Akibat nyata dari pemikiran masyarakat yang salah ini adalah tidak banyak
lembaga pemerintah maupun perusahaan swasta yang mengumumkan kebutuhannya
terhadap tenaga seorang geograf. Hal ini tentu sangat disayangkan mengingat
Indonesia sebagai bangsa yang kaya akan variasi sumber daya alam, memiliki
wilayah yang begitu bervariasi sangat membutuhkan ahli-ahli yang mampu
memberikan smbangsih ilmunya dalam merumuskan tata ruang dan wilayah yang mampu
membuat bangsa Indonesia ini menjadi maju pembangunannya.

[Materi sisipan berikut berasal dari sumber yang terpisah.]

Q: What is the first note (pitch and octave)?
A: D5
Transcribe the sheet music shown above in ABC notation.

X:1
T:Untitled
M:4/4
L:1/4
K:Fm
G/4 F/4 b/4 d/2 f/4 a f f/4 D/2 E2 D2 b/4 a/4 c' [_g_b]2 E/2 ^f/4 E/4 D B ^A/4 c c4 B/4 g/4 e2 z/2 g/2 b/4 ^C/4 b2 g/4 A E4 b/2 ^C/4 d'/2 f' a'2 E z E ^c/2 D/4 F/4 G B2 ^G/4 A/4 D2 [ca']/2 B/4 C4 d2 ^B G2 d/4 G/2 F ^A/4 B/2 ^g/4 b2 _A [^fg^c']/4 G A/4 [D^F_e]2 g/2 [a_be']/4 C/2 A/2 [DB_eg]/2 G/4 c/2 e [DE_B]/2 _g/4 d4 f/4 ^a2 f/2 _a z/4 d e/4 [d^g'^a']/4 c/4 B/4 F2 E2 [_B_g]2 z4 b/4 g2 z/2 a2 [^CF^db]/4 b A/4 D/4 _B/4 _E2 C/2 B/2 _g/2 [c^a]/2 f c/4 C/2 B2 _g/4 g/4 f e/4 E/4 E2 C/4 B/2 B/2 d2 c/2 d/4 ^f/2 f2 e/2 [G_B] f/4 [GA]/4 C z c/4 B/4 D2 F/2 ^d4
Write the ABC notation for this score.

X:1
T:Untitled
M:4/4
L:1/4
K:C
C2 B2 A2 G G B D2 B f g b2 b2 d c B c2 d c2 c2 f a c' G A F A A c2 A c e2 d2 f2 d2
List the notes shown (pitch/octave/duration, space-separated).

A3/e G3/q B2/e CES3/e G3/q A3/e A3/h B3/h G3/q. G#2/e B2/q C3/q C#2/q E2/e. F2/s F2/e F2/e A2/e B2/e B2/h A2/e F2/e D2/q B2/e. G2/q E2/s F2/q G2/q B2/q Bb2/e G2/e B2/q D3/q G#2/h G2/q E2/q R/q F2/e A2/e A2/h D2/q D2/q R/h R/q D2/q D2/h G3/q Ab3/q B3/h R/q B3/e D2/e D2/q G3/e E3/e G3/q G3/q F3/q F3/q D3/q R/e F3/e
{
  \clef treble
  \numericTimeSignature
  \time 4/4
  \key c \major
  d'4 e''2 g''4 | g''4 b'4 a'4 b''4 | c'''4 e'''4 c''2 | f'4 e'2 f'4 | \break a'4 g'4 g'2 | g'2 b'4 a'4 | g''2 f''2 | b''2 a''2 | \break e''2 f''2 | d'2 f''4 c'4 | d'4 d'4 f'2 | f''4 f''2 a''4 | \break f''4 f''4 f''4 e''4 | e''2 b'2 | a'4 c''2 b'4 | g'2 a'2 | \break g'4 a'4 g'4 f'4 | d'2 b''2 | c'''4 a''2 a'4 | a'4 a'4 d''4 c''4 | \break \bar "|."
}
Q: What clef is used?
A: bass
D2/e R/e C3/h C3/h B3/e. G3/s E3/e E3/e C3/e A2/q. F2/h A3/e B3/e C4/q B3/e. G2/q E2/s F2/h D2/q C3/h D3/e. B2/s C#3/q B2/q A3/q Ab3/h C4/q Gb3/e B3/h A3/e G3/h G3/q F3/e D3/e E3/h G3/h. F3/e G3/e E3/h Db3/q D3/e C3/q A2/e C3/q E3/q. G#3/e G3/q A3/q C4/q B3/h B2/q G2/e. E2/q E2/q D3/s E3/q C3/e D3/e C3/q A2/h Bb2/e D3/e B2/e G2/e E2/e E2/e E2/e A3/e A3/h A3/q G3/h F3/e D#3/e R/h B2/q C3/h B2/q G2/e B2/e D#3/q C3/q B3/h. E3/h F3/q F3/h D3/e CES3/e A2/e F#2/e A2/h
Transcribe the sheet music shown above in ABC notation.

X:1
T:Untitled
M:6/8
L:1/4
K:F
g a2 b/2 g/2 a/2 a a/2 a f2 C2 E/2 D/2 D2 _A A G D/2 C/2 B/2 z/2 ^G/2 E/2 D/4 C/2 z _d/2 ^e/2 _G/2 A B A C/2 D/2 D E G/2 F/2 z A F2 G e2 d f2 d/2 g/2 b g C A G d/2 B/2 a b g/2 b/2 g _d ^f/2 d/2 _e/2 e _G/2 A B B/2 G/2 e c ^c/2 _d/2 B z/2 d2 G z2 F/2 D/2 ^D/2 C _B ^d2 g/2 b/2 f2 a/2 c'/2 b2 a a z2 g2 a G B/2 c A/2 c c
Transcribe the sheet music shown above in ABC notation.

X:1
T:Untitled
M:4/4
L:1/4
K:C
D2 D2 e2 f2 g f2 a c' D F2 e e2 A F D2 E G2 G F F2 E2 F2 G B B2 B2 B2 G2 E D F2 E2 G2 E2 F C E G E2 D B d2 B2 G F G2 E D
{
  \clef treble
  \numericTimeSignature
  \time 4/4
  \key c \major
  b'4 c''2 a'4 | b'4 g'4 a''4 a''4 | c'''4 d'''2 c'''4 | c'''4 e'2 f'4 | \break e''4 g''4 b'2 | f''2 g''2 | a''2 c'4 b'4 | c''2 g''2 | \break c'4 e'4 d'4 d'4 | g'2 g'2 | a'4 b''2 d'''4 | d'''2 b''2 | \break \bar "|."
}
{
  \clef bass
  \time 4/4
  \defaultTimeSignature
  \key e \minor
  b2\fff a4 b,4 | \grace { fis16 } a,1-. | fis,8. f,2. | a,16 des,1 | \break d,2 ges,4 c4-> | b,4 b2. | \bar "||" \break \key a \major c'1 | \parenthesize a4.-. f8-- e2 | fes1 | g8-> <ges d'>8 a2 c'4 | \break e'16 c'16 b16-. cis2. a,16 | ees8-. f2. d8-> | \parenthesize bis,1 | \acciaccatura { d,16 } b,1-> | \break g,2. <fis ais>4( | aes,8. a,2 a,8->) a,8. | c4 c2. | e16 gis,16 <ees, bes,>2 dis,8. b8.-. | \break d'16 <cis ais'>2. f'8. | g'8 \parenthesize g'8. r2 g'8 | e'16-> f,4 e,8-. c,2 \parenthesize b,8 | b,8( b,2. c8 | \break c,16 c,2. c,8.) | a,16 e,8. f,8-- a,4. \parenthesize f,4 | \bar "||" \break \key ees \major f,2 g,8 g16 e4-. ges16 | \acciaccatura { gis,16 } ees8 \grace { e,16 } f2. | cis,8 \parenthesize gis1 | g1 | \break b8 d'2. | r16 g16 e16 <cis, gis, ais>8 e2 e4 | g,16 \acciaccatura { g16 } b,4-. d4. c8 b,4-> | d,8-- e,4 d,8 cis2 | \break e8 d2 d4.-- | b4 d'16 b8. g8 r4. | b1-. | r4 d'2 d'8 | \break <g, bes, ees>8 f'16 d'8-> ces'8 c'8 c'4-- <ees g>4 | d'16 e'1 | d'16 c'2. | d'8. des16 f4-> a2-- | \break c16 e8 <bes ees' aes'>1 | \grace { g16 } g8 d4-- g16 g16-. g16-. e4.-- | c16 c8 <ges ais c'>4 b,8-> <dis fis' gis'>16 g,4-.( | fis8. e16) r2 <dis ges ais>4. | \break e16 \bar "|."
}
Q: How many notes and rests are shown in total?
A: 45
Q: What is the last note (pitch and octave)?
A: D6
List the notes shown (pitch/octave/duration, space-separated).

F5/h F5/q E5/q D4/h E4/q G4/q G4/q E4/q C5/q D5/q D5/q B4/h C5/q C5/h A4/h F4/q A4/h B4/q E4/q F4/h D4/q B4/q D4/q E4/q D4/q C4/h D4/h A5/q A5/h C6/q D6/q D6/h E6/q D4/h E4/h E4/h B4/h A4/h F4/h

Sebagai akibat dari pemikiran mengenai
ilmu Geografi sebagai ilmu yang generalis pada di paragraf di atas maka
muncullah pemikiran untuk membuat spesialisasi ilmu Geografi. Hal ini terjadi
pada pertengahan abad 20 dimana muncul banyak penelitian kuantitatif Geografi,
sehingga seolah-olah setiap penelitian Geografi yang tidak menggunakan analisis
kuantitatif menjadi dianggap tidak ilmiah. Boulding (1968) dalam artikelnya
yang berjudul "The General System
Theory The Skeleton of Science" mengemukakan bahwa spesialisasi yang
berlebihan akan mengakibatkan sulitnya komunikasi ilmiah antar sub disiplin itu
sendiri, sehingga akan kehilangan kesatuan makna ilmiah yang utuh. Pada akhir artikelnya dikemukanan bahwa hasil
yang terjadi akan berujung kepada ketulian spesialisai, karena masing-masing
spesialisasi hanya memikirkan bidang kajiannya sendiri-sendiri dan tidak mau
mendengarkan spesialisasi yang lain walaupun berada dalam batang ilmu yang
sama. Caffey (1981) juga memiliki pendapat yang sama, ia berpendapat semakin
mendalamnya spesialisasi akan makin menjauhkan keterkaitan keilmuan antara satu
bidang spesialisasi dengan yang lain, sehingga warna Geografinya sendiri
menjadi semakin tidak terlihat. Apabila hal ini tidak disadari segera maka
lambat laun ilmu Geografi akan kehilangan jatidirinya dan orientasi
keilmuannya. Brian Goddal (1987) mengemukakan bahwa kajian apapun mengenai geografi dan apapun spesialisai
keilmuan yang dilakukan, kajian geografi harus mengacu pada tiga tema studi
utama geografi yaitu (1) penekanan pada pendekatan keruangan dengan mengangkat
ruang sebagai variabel, (2) penekanan pada inter-relasi antara hubungan manusia
dengan lingkungannya, (3) dan penekanan pada sintesis antara pendekatan spasial
dan pendekatan ekologikal.
Sebagai penutup dapat disimpulkan
bahwa paradigma untuk menerapkan spesialisasi pada ilmu Geografi perlu diuji
lebih lanjut karena terbentuknya spesialisasi ilmu memiliki konsekuensi akan
munculnya ranting keilmuan baru pada bidang ilmu Geografi yang diluar dari
batang pohon keilmuan Geografi itu sendiri. Namun demikian bukan berarti ilmu
Geografi menutup diri terhadap perkembangan ilmu pengetahuan dari keterkaitan
dengan ilmu lain, namun setiap kajian keilmuan harus mengandung tiga pendekatan
utama yaitu keruangan, lingkungan ekologi, dan inter-relasi hubungan antara
manusia dan lingkungannya yang merupakan inti dari ilmu Geografi agar ilmu
Geografi tidak kehilangan warna dan jati dirinya.